Pendant la pandémie
Bien que l’industrie du transport aérien ait généralement fait preuve de résilience à la suite de perturbations et de crises majeures, il est douteux qu’elle puisse se rétablir aussi rapidement qu’elle l’a fait par le passé. Les compagnies aériennes manquent de liquidités, d’où la possibilité de faillites, de consolidations et même de nationalisations. Tout cela aura inévitablement des répercussions sur la fabrication d’avions civils, les chaînes d’approvisionnement et les entreprises de soutien après-vente.
Le secteur de la défense de l’aérospatiale s’en sortira mieux, car les contrats ont été conclus et les restrictions n’auront pas le même impact.

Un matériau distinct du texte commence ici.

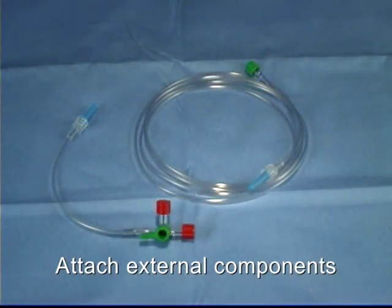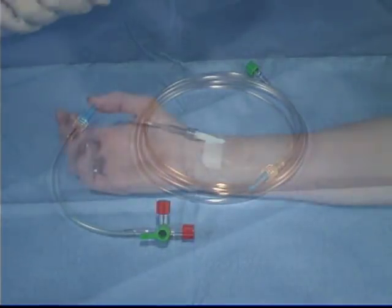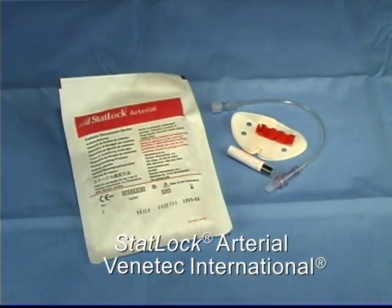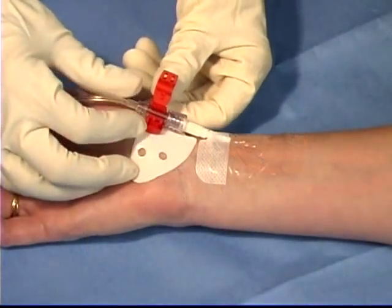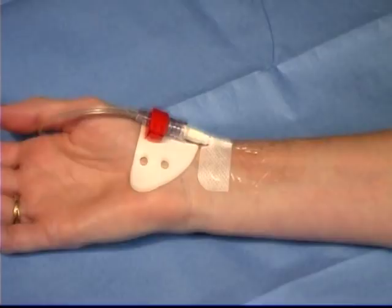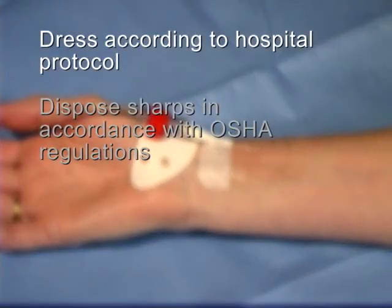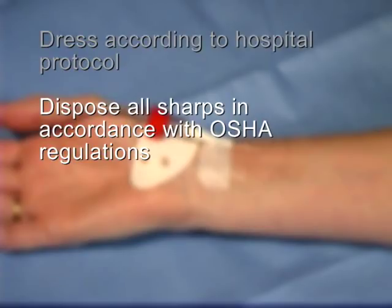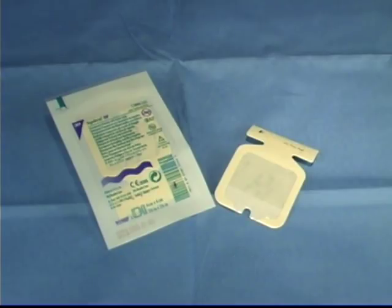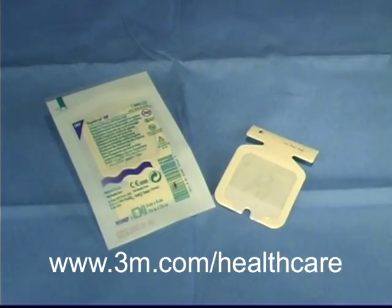Attach the components you will be using, such as the stopcock, injection cap, or pressure tubing. Secure the catheter to the patient. This program shows the use of a catheter securement device made by Venetec International. The use of this or other safety devices further reduces the risk of needle stick injury by eliminating the use of sutures. Dress the insertion site according to your hospital's protocol and finally dispose of all sharps in accordance with OSHA regulations. The dressing shown in this program is Tegaderm HP from 3M Corporation.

Du côté commercial, on s’attend à un affaiblissement des liens dans les chaînes d’approvisionnement ainsi qu’à des ralentissements aux niveaux national et international.
Les entreprises aérospatiales devraient connaître des problèmes de trésorerie en mai et en juin à mesure que de nouveaux calendriers de production seront établis. Dans le même temps, les sociétés reverront leur stratégie, leur empreinte industrielle et leur modèle d’exploitation. Il y aura probablement des réductions des effectifs et l’efficacité sera examinée. Les perspectives commerciales prévoient que l’automatisation et l’impression 3D dans la fabrication à grande échelle pourraient devenir la nouvelle norme. Les experts encouragent les entreprises à réduire leurs dépenses discrétionnaires et d’investissements, à demander des extensions des lignes de crédit, à rechercher des réductions des coûts d’infrastructure, des baisses d’impôts et un soutien dans les chaînes d’approvisionnement. En outre, en raison de la perte de parts de marché, certains fournisseurs et prestataires spécialisés peuvent subir des pressions financières.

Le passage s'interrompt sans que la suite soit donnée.